Work to be completed:
Every line between the one containing "Temperature on Mars" and the last line of the data, both included, is to be set down exactly, and pictures are to be omitted.

Recorded information:

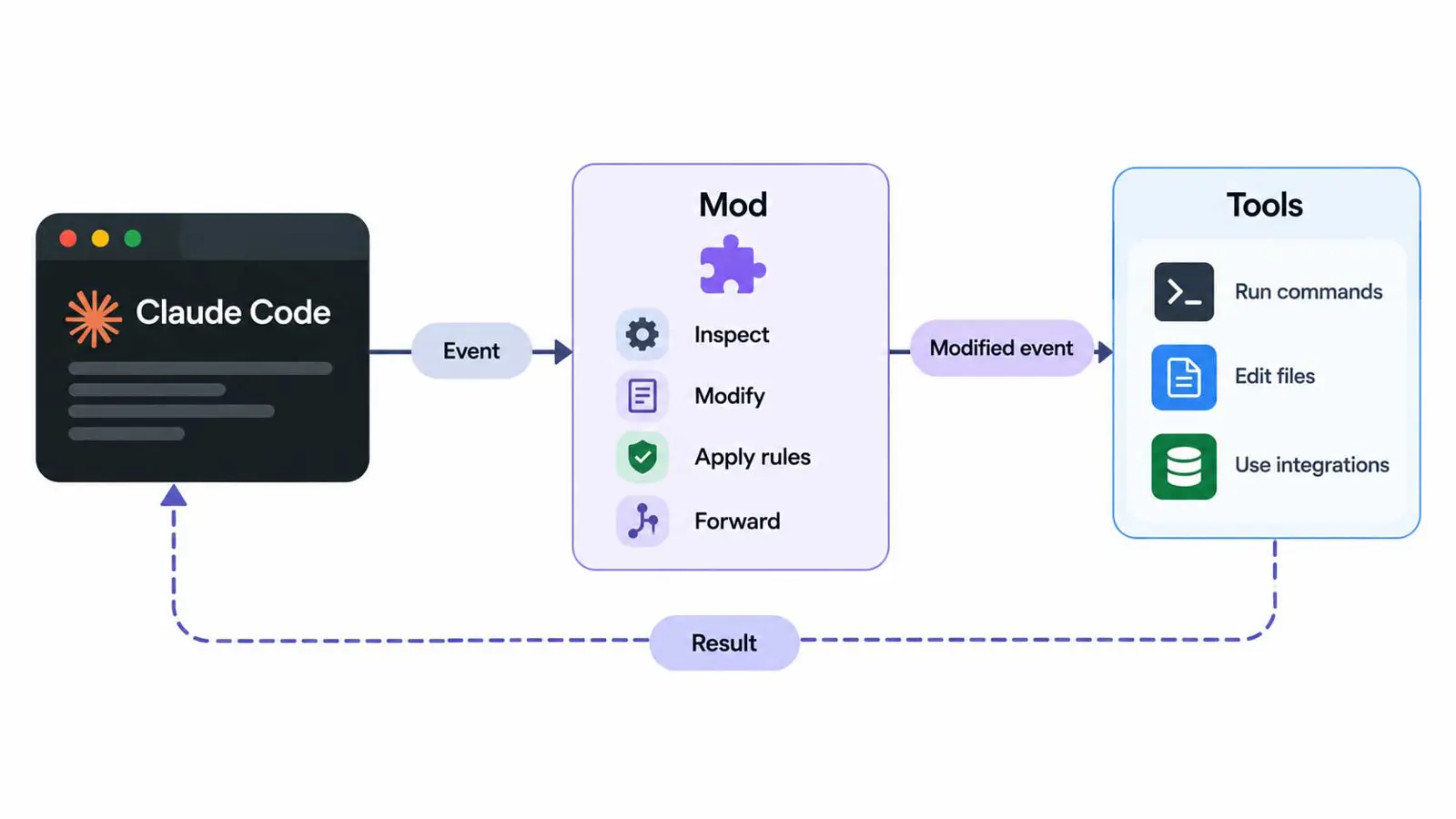 Diagram showing a Claude Code event passing through a Mod before the result reaches a tool or the interface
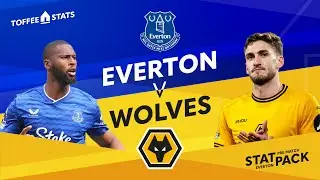Everton vs Wolves | Pre-Match Stat Pack | Premier League MW21 Preview & Stats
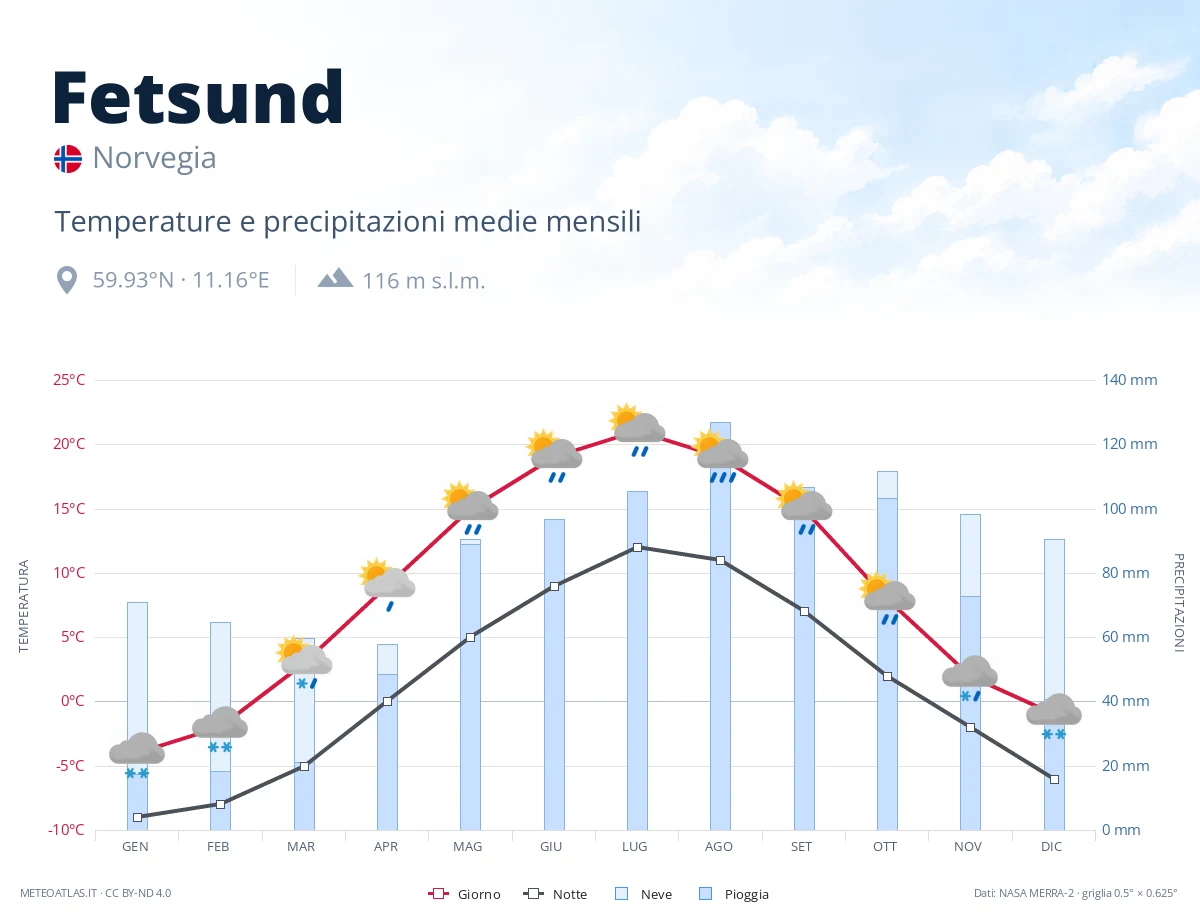 Fetsund - temperature e precipitazioni medie mensili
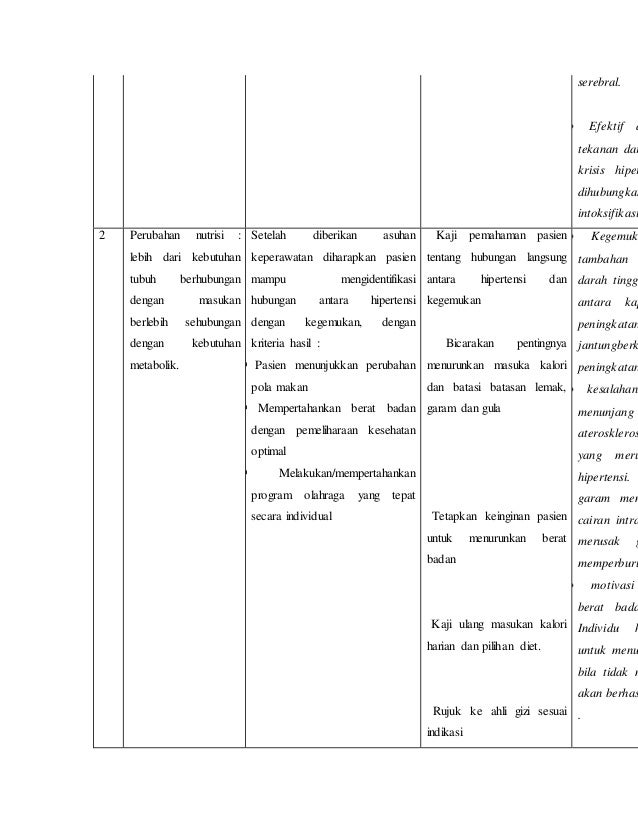 Asuhan Keperawatan Hipertensi
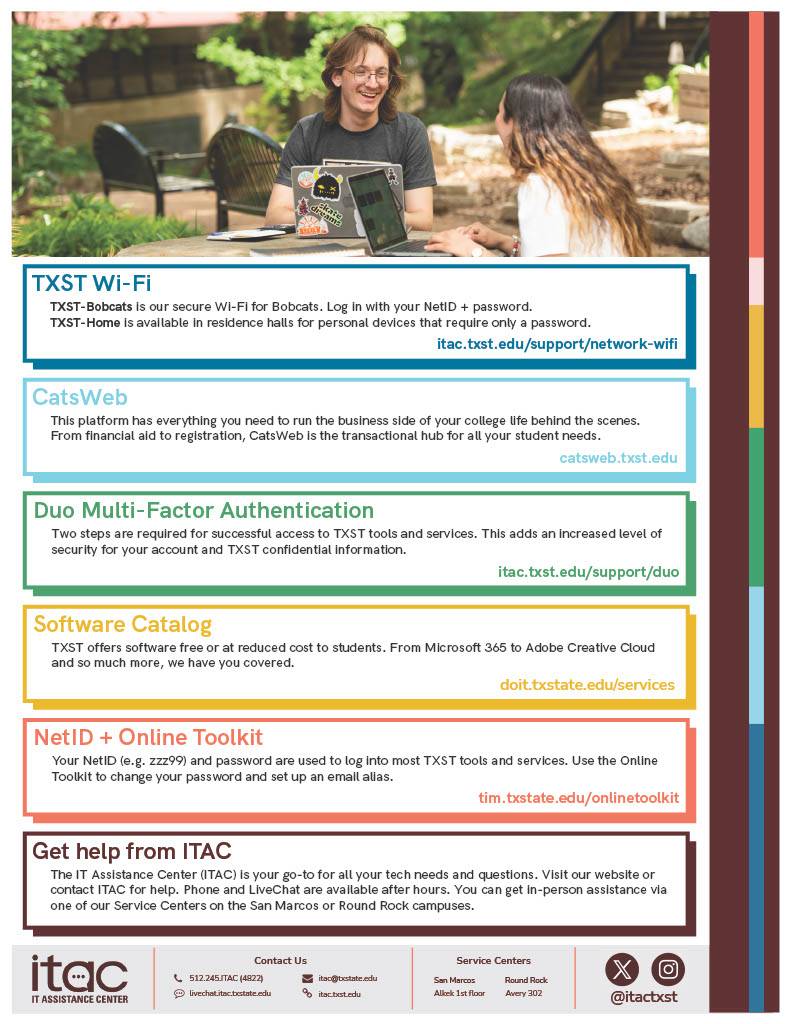 An informational printout detailing student tech resources at TXST.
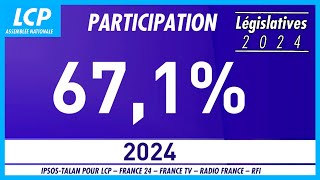 LÉGISLATIVES 2024  LE TAUX DE PARTICIPATION DU 2nd TOUR ESTIMÉ À 671  7072024 [upl. by Luap730]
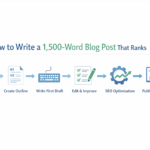 How to Write a 1,500-Word Blog Post That Ranks in 2026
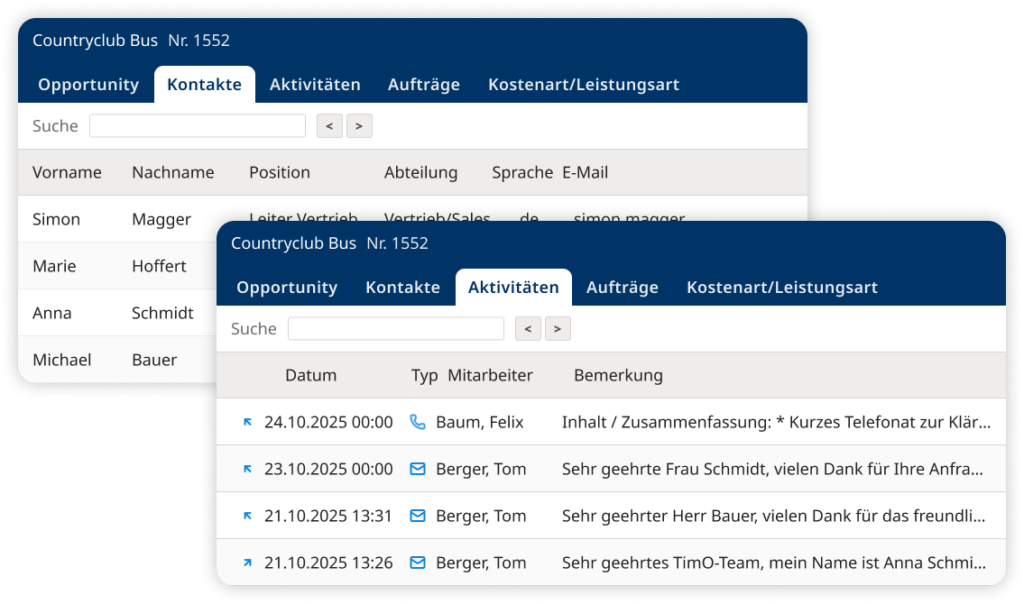 Übersicht eines Kunden mit Ansprechpartnern sowie chronologisch erfassten Kommunikationsaktivitäten.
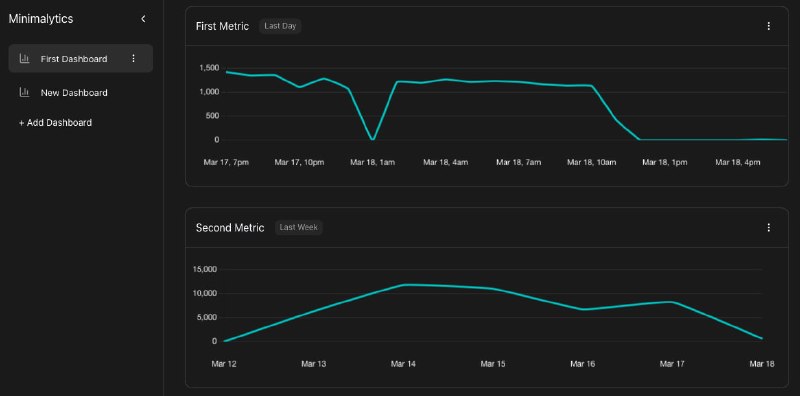 Minimalytics: 面向资源受限环境的独立轻量级分析工具• 基于 SQLite 存储与事件聚合机制，适合高频埋点和内部服务监控，月级别可支持超 10 亿事件并保持约 20 MB 存储占用• 提供 CLI + Web UI 组合，既能通过命令启动服务和查看状态，也能在浏览器里创建仪表盘和图表• 支持 Docker 部署与本地二进制运行，落地简单，适合 VPS、自托管环境和轻量分析场景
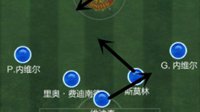 《FIFA OL3》理论篇之五后卫的合理运用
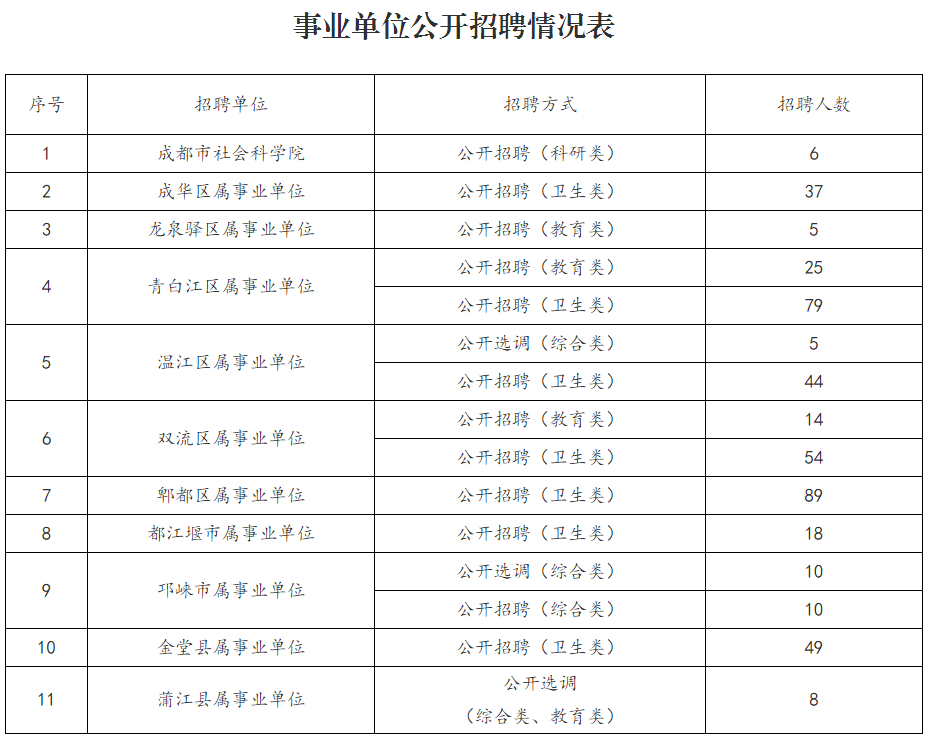 咸阳市市社会科学院最新招聘信息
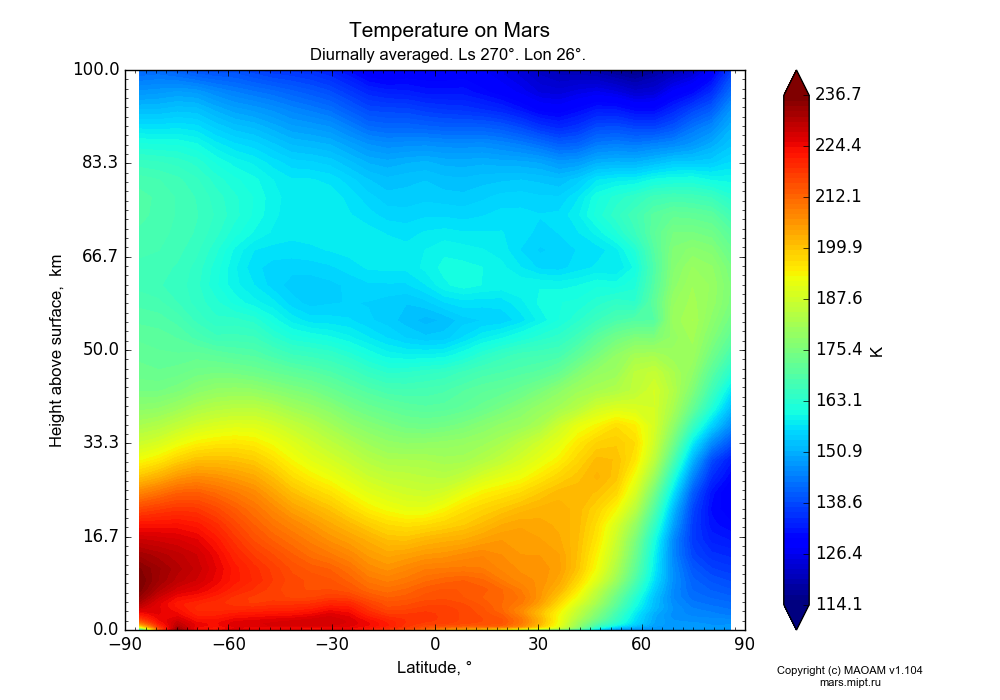 Temperature on Mars dependence from Latitude -90-90° and Height above surface 0-100 km in Equirectangular (default) projection with Diurnally averaged, Ls 270°, Lon 26°. In version 1.104: Water cycle for annual dust, CO2 cycle, dust bimodal distribution and GW.
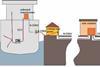 OPS High voltage connection principles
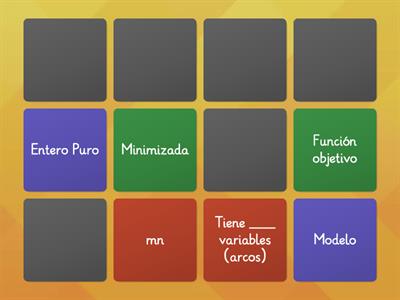 Características del Modelo Lineal de Transporte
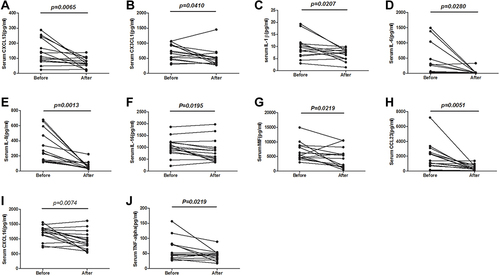 Figure 3 Levels of cytokines and chemokines before and after treatment in 15 neonates with sepsis. The levels of CXCL13 (A), CX3CL1 (B), IL-1β (C), IL-6 (D), IL-8 (E), IL-16 (F), MIF (G), CCL23 (H), CXCL16 (I), and TNF-alpha (J) in serum from sepsis neonates (n=15) before and after treatment. Differences before and after treatment were analyzed using the Wilcoxon test.
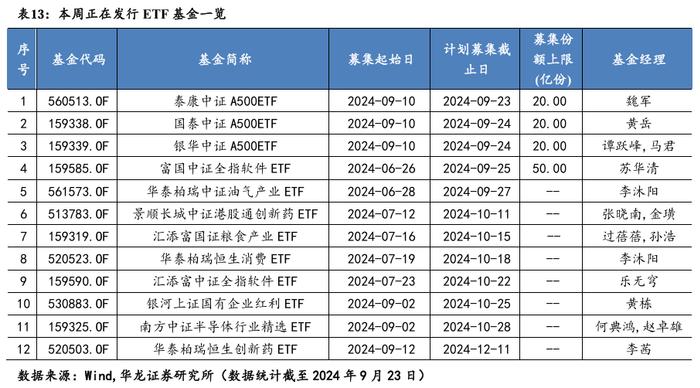 【华龙基金】ETF周报：跨境ETF表现较好，红利因子资金回暖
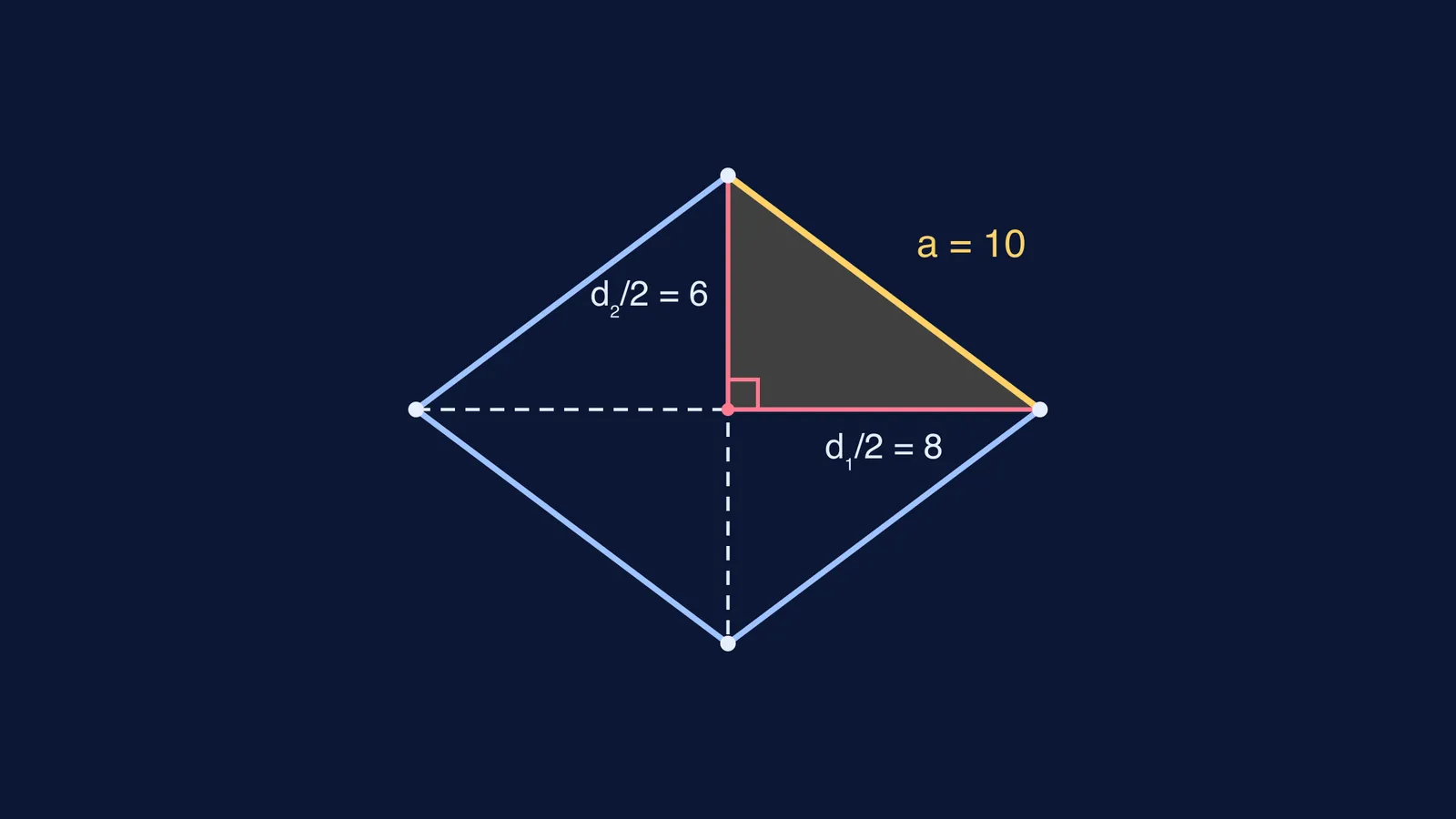 Rhombus with perpendicular diagonals and a shaded 6-8-10 right triangle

Response to this task:
 Temperature on Mars dependence from Latitude -90-90° and Height above surface 0-100 km in Equirectangular (default) projection with Diurnally averaged, Ls 270°, Lon 26°. In version 1.104: Water cycle for annual dust, CO2 cycle, dust bimodal distribution and GW.
 OPS High voltage connection principles
 Características del Modelo Lineal de Transporte
 Figure 3 Levels of cytokines and chemokines before and after treatment in 15 neonates with sepsis. The levels of CXCL13 (A), CX3CL1 (B), IL-1β (C), IL-6 (D), IL-8 (E), IL-16 (F), MIF (G), CCL23 (H), CXCL16 (I), and TNF-alpha (J) in serum from sepsis neonates (n=15) before and after treatment. Differences before and after treatment were analyzed using the Wilcoxon test.
 【华龙基金】ETF周报：跨境ETF表现较好，红利因子资金回暖
 Rhombus with perpendicular diagonals and a shaded 6-8-10 right triangle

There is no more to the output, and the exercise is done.